An ancient human foraging instinct, fueled by fructose production in the brain, may hold clues to the development and possible treatment of Alzheimer’s disease (AD), according to researchers at the University of Colorado Anschutz Medical Campus.
The study, published today in The American Journal of Clinical Nutrition, offers a new way of looking at a disease characterized by abnormal accumulations of proteins in the brain that slowly erode memory and cognition.
“We make the case that Alzheimer’s disease is driven by diet,” said the study’s lead author Richard Johnson, MD, professor at the University of Colorado School of Medicine specializing in renal disease and hypertension. The study co-authors include Maria Nagel, MD, research professor of neurology at the CU School of Medicine.
Johnson and his team suggest that AD is a harmful adaptation of an evolutionary survival pathway used in animals and our distant ancestors during times of scarcity.
“A basic tenet of life is to assure enough food, water and oxygen for survival,” the study said. “Much attention has focused on the acute survival responses to hypoxia and starvation. However, nature has developed a clever way to protect animals before the crisis actually occurs.”
Fructose: foraging survival response trigger
When threatened with the possibility of starvation, early humans developed a survival response that sent them foraging for food. Yet foraging is effective only if metabolism is inhibited in various parts of the brain. Foraging requires focus, rapid assessment, impulsivity, exploratory behavior and risk taking. It is enhanced by blocking whatever gets in the way, like recent memories and attention to time. Fructose, a kind of sugar, helps damp down these centers, allowing more focus on food gathering.
In fact, the researchers found the entire foraging response was set in motion by the metabolism of fructose whether it was eaten or produced in the body. Metabolizing fructose and its byproduct, intracellular uric acid, was critical to the survival of both humans and animals.
The researchers noted that fructose reduces blood flow to the brain’s cerebral cortex involved in self-control, as well as the hippocampus and thalamus. Meanwhile, blood flow increased around the visual cortex associated with food reward. All of this stimulated the foraging response.
“We believe that initially the fructose-dependent reduction in cerebral metabolism in these regions was reversible and meant to be beneficial,” Johnson said. “But chronic and persistent reduction in cerebral metabolism driven by recurrent fructose metabolism leads to progressive brain atrophy and neuron loss with all of the features of AD.”

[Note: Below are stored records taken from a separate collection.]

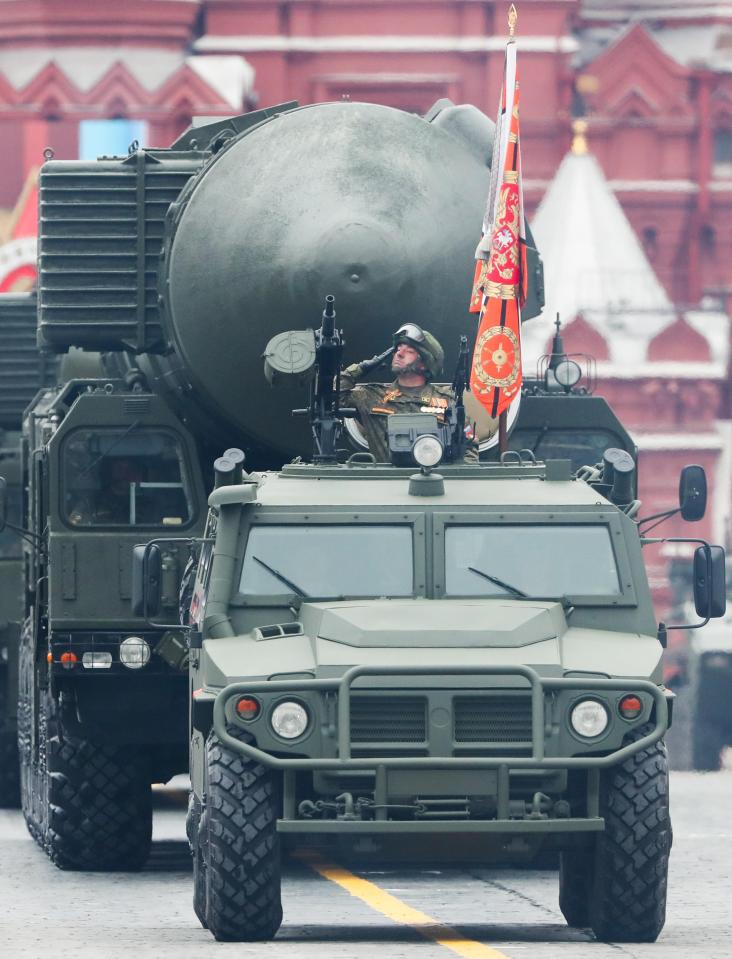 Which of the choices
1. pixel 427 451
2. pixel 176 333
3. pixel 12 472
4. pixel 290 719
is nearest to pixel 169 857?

'Survival switch' stuck in 'on' position
Johnson suspects the survival response, what he calls the "survival switch," that helped ancient humans get through periods of scarcity is now stuck in the "on" position in a time of relative abundance. This leads to the overeating of high fat, sugary and salty food prompting excess fructose production.
Fructose produced in the brain could possibly lead to inflammation and ultimately Alzheimer’s disease, the study said. Animals given fructose show memory lapses, a loss in the ability to navigate a maze and inflammation of the neurons.

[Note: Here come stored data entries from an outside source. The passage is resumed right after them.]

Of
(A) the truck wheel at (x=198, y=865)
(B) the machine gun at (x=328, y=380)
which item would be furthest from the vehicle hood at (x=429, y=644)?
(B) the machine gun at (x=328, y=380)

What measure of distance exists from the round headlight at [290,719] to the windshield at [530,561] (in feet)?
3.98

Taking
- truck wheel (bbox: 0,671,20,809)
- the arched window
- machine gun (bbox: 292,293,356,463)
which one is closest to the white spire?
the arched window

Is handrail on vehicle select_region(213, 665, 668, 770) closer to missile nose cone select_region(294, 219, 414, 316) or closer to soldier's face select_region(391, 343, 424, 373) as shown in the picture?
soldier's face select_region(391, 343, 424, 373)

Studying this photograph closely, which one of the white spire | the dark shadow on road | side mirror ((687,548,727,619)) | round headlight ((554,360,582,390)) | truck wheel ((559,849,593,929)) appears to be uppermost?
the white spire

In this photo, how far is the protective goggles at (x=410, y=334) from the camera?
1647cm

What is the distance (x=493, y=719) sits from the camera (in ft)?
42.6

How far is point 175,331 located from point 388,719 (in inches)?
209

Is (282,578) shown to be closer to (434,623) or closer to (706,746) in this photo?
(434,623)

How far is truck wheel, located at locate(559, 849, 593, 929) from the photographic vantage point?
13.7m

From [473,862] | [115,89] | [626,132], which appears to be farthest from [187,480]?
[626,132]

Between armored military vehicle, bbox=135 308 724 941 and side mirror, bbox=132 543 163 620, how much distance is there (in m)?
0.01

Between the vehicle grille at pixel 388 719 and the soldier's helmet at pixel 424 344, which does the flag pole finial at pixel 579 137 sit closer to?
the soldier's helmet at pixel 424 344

“A study found that if you keep laboratory rats on fructose long enough, they get tau and amyloid beta proteins in the brain, the same proteins seen in Alzheimer’s disease,” Johnson said. “You can find high fructose levels in the brains of people with Alzheimer’s as well.”
Johnson suspects that the tendency of some AD patients to wander off might be a vestige of the ancient foraging response.
The study said more research is needed on the role of fructose and uric acid metabolism in AD.
“We suggest that both dietary and pharmacologic trials to reduce fructose exposure or block fructose metabolism should be performed to determine if there is potential benefit in the prevention, management or treatment of this disease,” Johnson said.
The study’s co-authors include Dean R. Tolan, Dale Bredesen, Laura G. Sanchez-Lozada, Mehdi Fini, Scott Burtis, Miguel A. Lanaspa and David Pearlmutter.